I have been reading the Book of Psalms for about, 88 days now.  Every couple of days I come across a Psalm that, I think, could easily be my favorite one; every couple of days, I find another.  Psalm 88 is no exception, but for the fact that, as far as I can tell, it is like no other.  Just read it. 

This is a song, Folks -- a song.  Personally, I've never read any song in the Bible that remotely resembles Staind, but this is probably as close as it gets.  During my "darker days," I was a huge fan -- Staind is sexy fueled by angry and depressed.  My favorite group since my teens has been Pink Floyd -- more neurotic than sexy, but always depression resulting in rage.  I identify -- to a point.  That point is where the only solution is rage, violence, hatred, or simply more depression.  My faith refuses (Thank God!) to allow there are no solutions. 

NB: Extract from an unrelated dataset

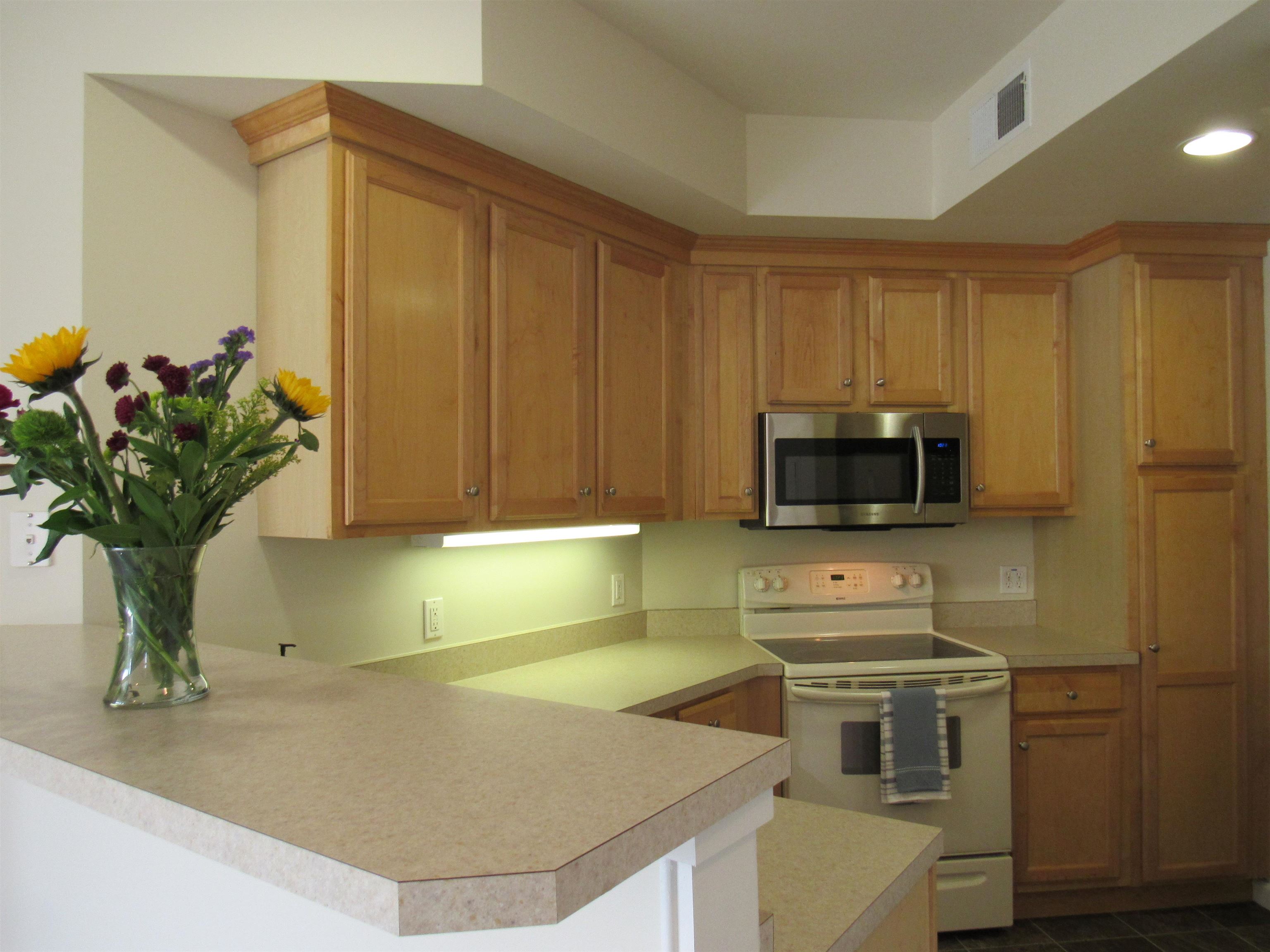 160 Wiley Road, Unit 201 Colchester, VT 05446 - Photo 8 of 30 Gallery Image 8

Psalm 88 is unlike any other in that there appears to be no solutions, no end to the despair.  Other Psalms, for instance, cry out to God for redemption, mercy, His loving forgiveness; before the Psalm is over, the author is rejoicing in the assurance God is near, He will save, and all is well.  While these songs and ruminations may be uplifting in the short-term, what about those who feel untold despair?  What about those who are living with pain and depression every day, hour after hour?  What about those who really do have no way to change their circumstances, or no one to advocate their release?  With no disrespect, do you think ten verses later they're whistling "Victory is Mine?"  Sometimes despair is a season.  Sometimes loneliness is a pit.  Sometimes, ten verses later, our circumstances are no better than they were when we opened the Word, and our hearts are just as heavy.  We are human.  We worry, we fear, we grieve and we fail.  Then, as Christians, we worry, fear and grieve over our failings as Christians.  The questions and doubts we feel do not coincide with what we know to be true.  Why can't we just feel it?  I believe this Psalm is for us.

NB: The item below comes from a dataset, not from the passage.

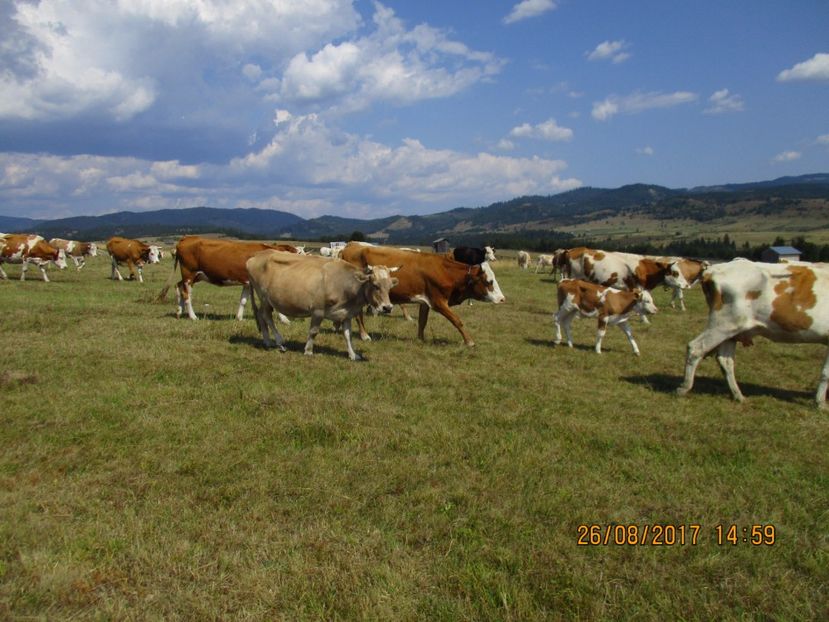  - COBORATUL DE LA STANA 2017 Dealul Alb cu vacile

Just look at verse 1: "O Lord, the God who saves me..."  First of all, would this psalmist be speaking to or writing to a God he doesn't believe would listen?  Secondly, the psalmist says "the God who saves me."  Not "saved," past tense, as in the one who redeemed him at some point, but saves -- present tense, and implying timelessness.  He knows God is there; I believe he even knows God will eventually rescue him, but for right now... this is how he feels.

Verse 5:  "I am... like the slain who lie in the grave."  Not dead -- feeling like it, maybe even wishing it perhaps, but not dead.

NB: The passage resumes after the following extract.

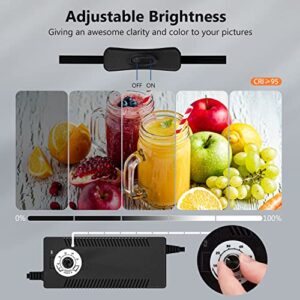 Photo Studio Light Box for Photography: Takerers 32x32 Inch 210 LED Large Lightbox for Product with 3 Stepless Dimming Light Panel, Professional Photo Background Shooting Tent with 5 Color Backdrops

Verses 9 & 13:  Still, "I call to you, O Lord, every day."  "I cry to you for help, O Lord."  Why, if he has no faith?  Why, if he truly believes God has abandoned him?  Why, if God will not save?

Lastly, the psalmist himself:  Does anyone get that his name is Heman? From what I gather, Heman means "faithful."  I don't see this as being lost on him at all.  I see pleas cried out and tears shed by a lonely, desperate, but faithful individual.  Pleas and tears recorded by a loving, faithful God, just for me, a sometimes lonely, desperate, but faithful individual.  Commiseration through the ages.  Assurance that others have been where I've been, felt what I've felt, expressed it without fear of reprisal, and remained faithful, even when it lasted for a season.